US Army Reserve Shooting Teams Alumni Association

USAR Service Rifle Team


USAR Captures the 1991 Roumanian Trophy
(This is my Story and I'm Sticking to It.)
by Ray P. Carter

The 1000 yard team matches at the National High Power Rifle Championships at Camp Perry, Ohio are shot in the afternoon after the individual matches are completed. In 1991 the USAR was short of team coaches since John Kessler was still on Active Duty from Desert Storm.

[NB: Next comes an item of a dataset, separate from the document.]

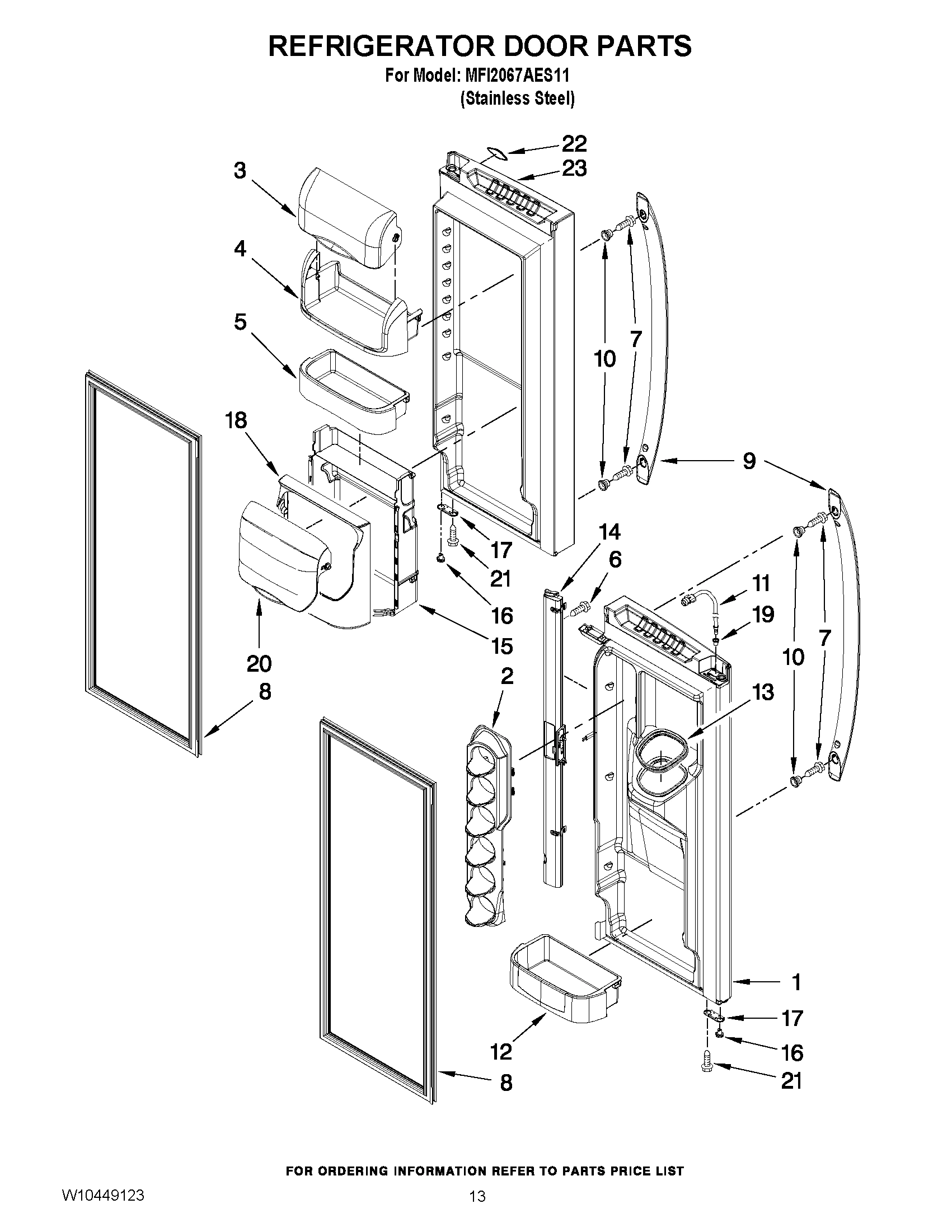 07 - REFRIGERATOR DOOR PARTS
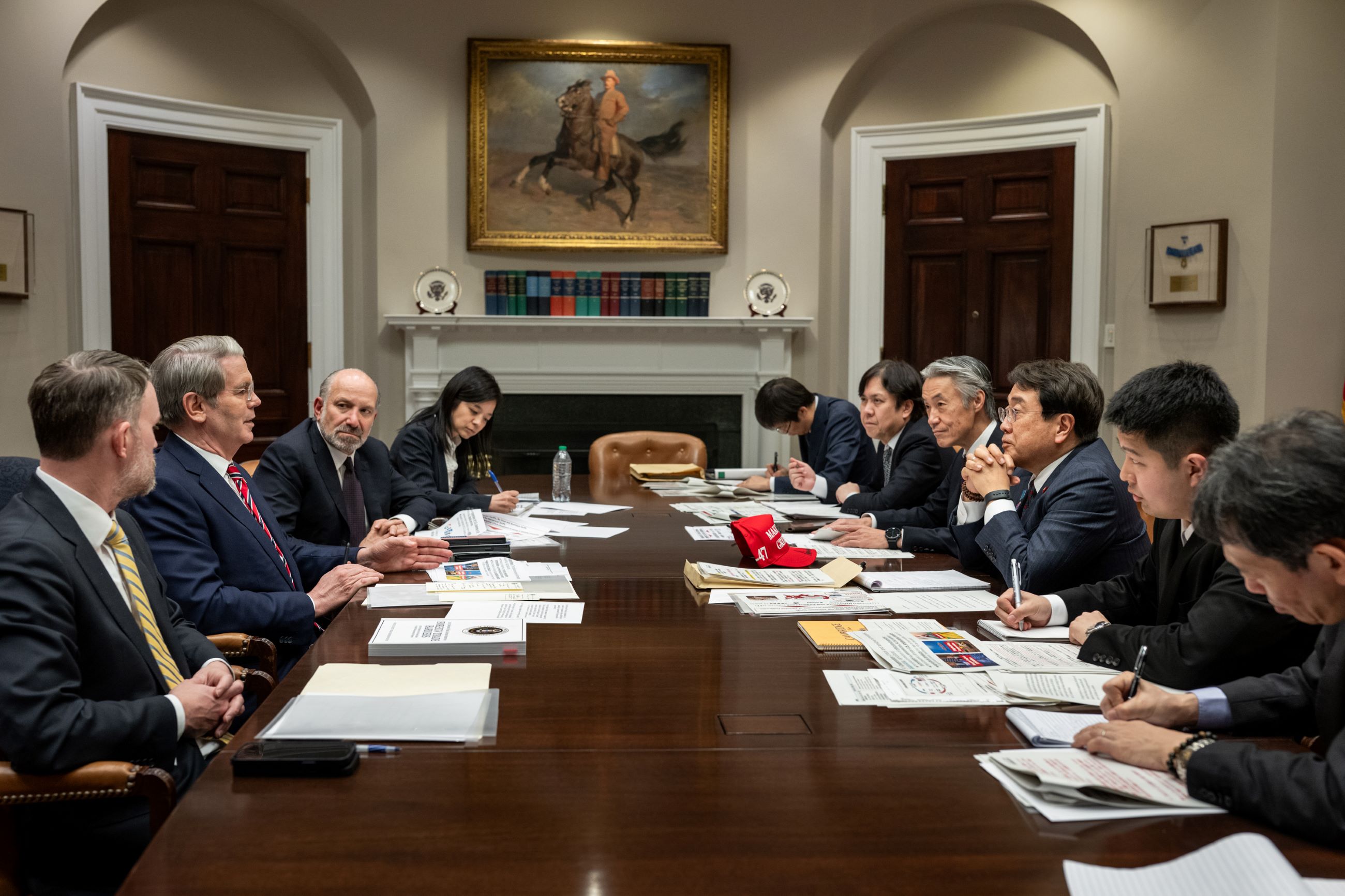 米国の関税措置に関する日米協議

Billy C. Atkins grabbed the shooters he needed to try to win the Service Rifle division of the match (which they did!) and the magnum shooters were left to figure out what to do. The top four from the individual phase (Bach, Fetterolf, Silvia, Stark) got to shoot and that kind of left Barbara Barrick and I to do the coaching.

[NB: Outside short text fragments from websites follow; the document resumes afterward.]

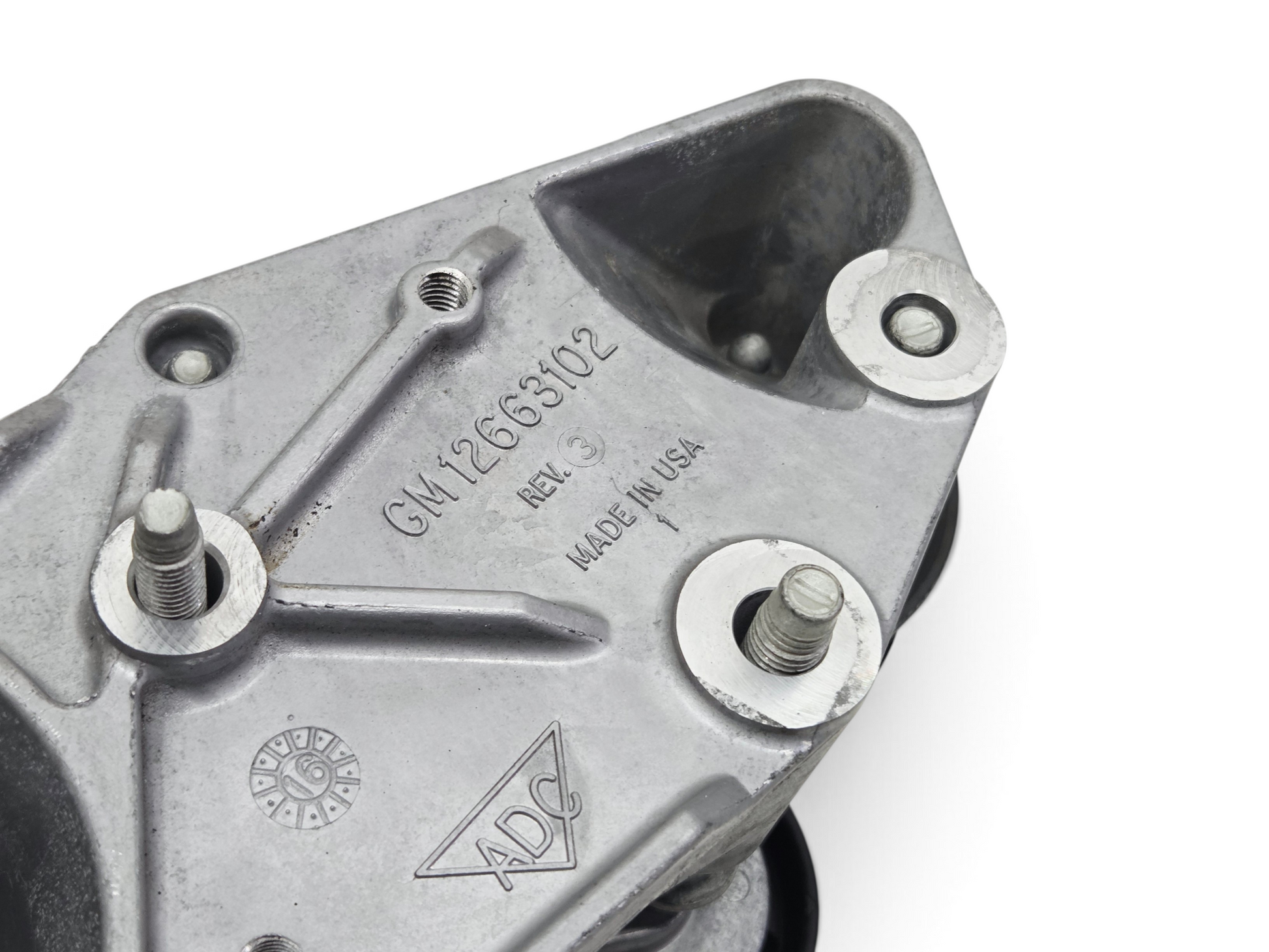 Send it Auto Parts OEM GM Corvette C7 Z06 LT4 tensioner bracket with idlers showing part number 12663102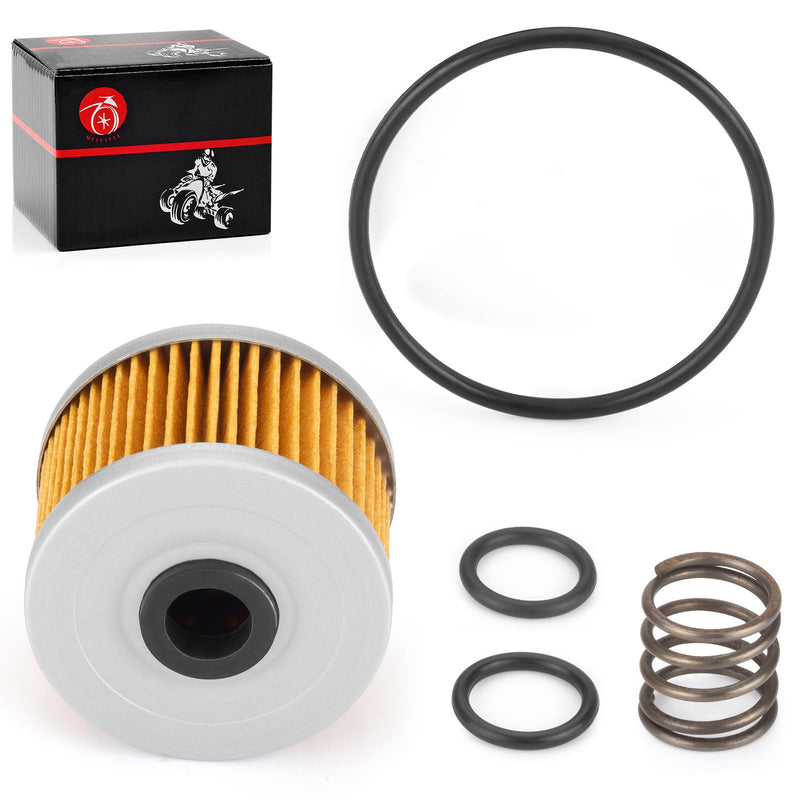 15410-KF0-305 Oil Filter Kit For Honda ATC250 Fourtrax 250 300 400 XR250R XR250L XR350R XR400R XR500R XR600R XR650 XL250R XL350R XL600R NX250 NX650 GB500 15412-KF0-010 15410-KF0-315
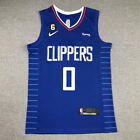 Erwachsene Los Angeles Clippers NO.0 Trikot Shirt Stitched Blue Icon Edition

Being the fine USAR field grade officers we were, we moved on up to the firing line to coach even though I had never coached at 600 yards, much less 1,000 yards. Barbara had won the Leech Cup (1,000 yards with Metallic Sights) in 1980, so she was somewhat more familiar than I was. I had shot 1,000 yards intermittently since 1970. In the early years I used the M14NM and since 1975 whatever magnum happened to be available. Besides the fact most of them had stocks that were close cousins to a railroad tie and built for someone about 6'3" and 230 lbs. and were shooting generic ammo (one size fits all), it was a nice way to try to do your best. At least you could see on the Any Sight matches. I was a very experienced smallbore rifle shooter and had set numerous smallbore rifle National Records and was the runner-up in the 1989 National Smallbore Rifle Prone Championships. And what the hey, mirage is mirage, right?

I was behind the Team Coach's 100mm scope with Barbara to my right rear with the Team Captain's 100mm scope. We worked as a team. It was almost funny in a way as I didn't really know what I was doing. We would look at the mirage, look at the flags, look at each other and come to a compromise estimation of the wind. If I thought it looked like it was worth 1.5 minutes and she thought 2.0 minutes, we would split it and go. We might have even asked the shooters.

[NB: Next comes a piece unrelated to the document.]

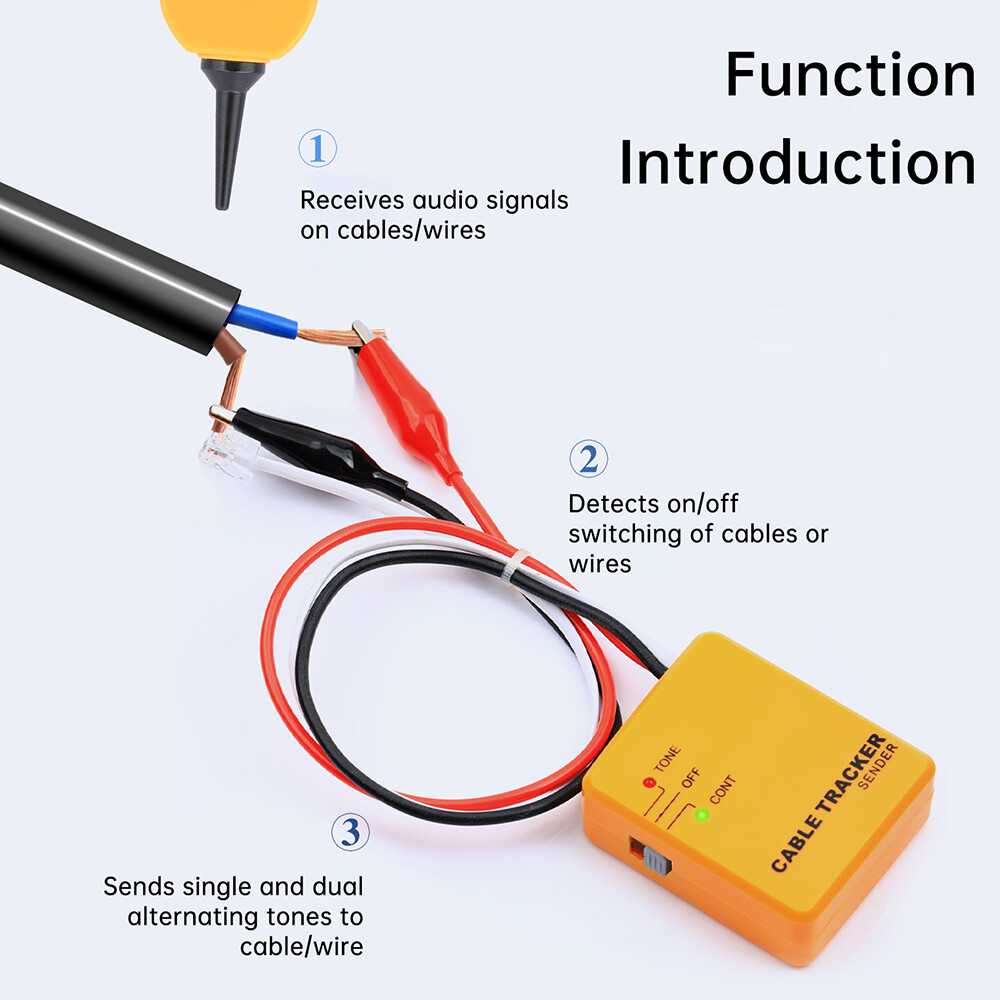 Network Line Finder Cable Tracker Tester Sender Wire Tracker Cable on-off Check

The most fun was coaching Chris Stark. He was just nailing them. Many times I would tell him to give a tiny favor this way or that and he responded. He ended up with a 200-12x which is really what won the match for us. There wasn't another 200 on the line! The others on the team hung in there and damn if we didn't actually win the whole thing! I didn't think we would ever run out of ammo. The Hardholders thought this was their personal match, but not on that day!

Hopefully the USAR will win it again soon since they survived the budget chopping block this summer. All I know is that you won't find me behind one of those scopes again!